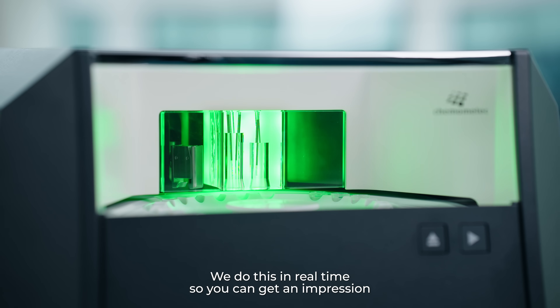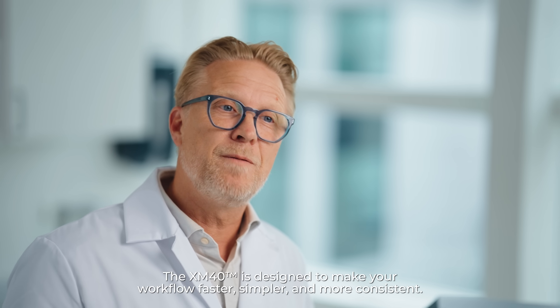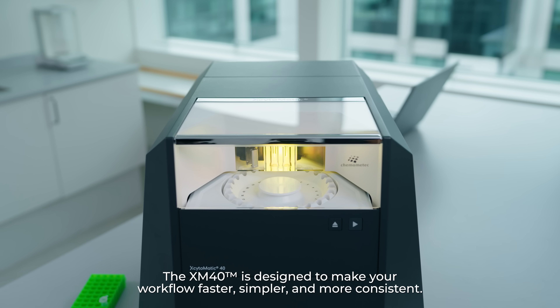We do this in real time so you can get an impression of the speed of the instrument as well as the function. The XM40 is designed to make your workflow faster, simpler and more consistent.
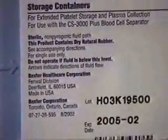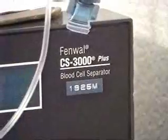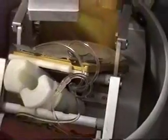This is called a Baxter Fenwall closed system apheresis kit. And it has the blood bag that stays with it, right? So you put the blood bag in the centrifuge — that's how you keep everything isolated. Okay, with PL 301.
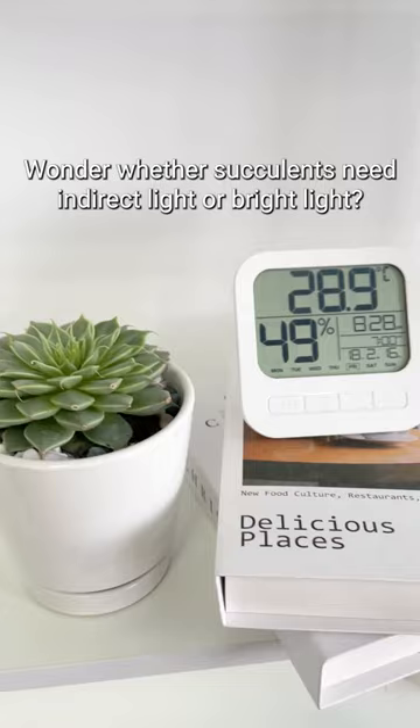Wonder whether succulents need indirect light or bright light? If the succulent has soft leaves, it needs indirect light. Versus cacti or hardier succulents, which are going to need brighter light to thrive.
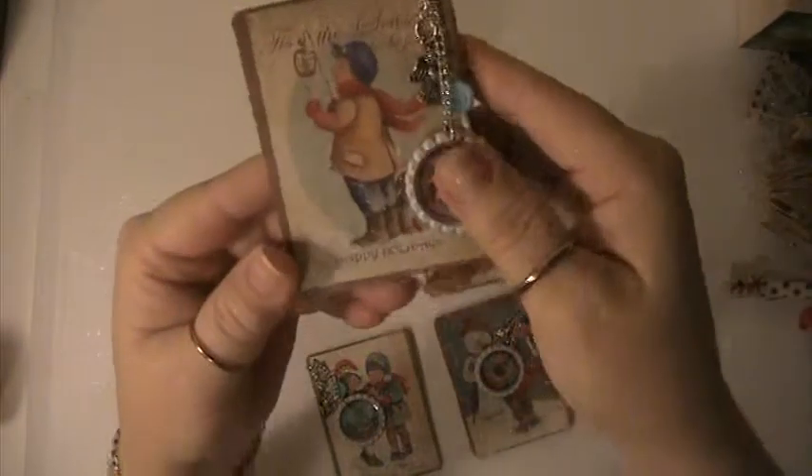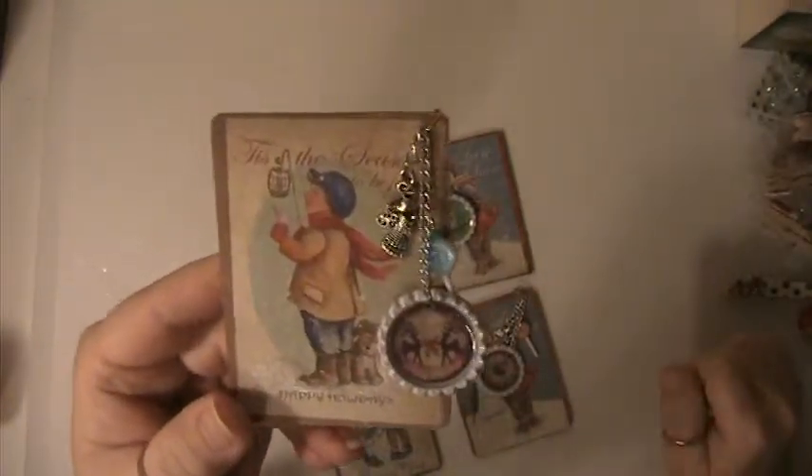This one here has a little boy with a puppy. It says 'Tis the season to be jolly' and also says Happy Holidays. The bottle cap also says Happy Holidays and has a reindeer in it. I also used some glitter on it for the snow.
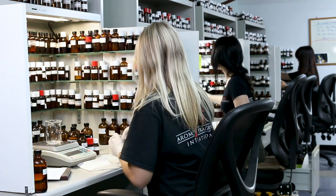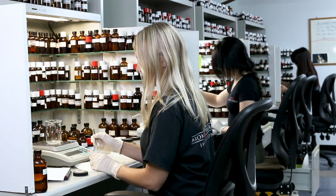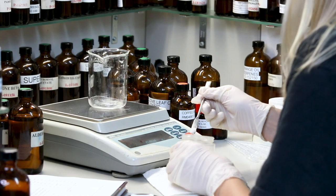Before we started, we weighed the beaker, so when we're done we can check our weight. This is a 100 gram formula. We're going to start off with the crystals.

+ + + + +

Without the pictures, restate each entry exactly.

ANSWER TO THE PROBLEM -
We do this in real time so you can get an impression of the speed of the instrument as well as the function. The XM40 is designed to make your workflow faster, simpler and more consistent.
This is called a Baxter Fenwall closed system apheresis kit. And it has the blood bag that stays with it, right? So you put the blood bag in the centrifuge — that's how you keep everything isolated. Okay, with PL 301.
Wonder whether succulents need indirect light or bright light? If the succulent has soft leaves, it needs indirect light. Versus cacti or hardier succulents, which are going to need brighter light to thrive.
This one here has a little boy with a puppy. It says 'Tis the season to be jolly' and also says Happy Holidays. The bottle cap also says Happy Holidays and has a reindeer in it. I also used some glitter on it for the snow.
Before we started, we weighed the beaker, so when we're done we can check our weight. This is a 100 gram formula. We're going to start off with the crystals.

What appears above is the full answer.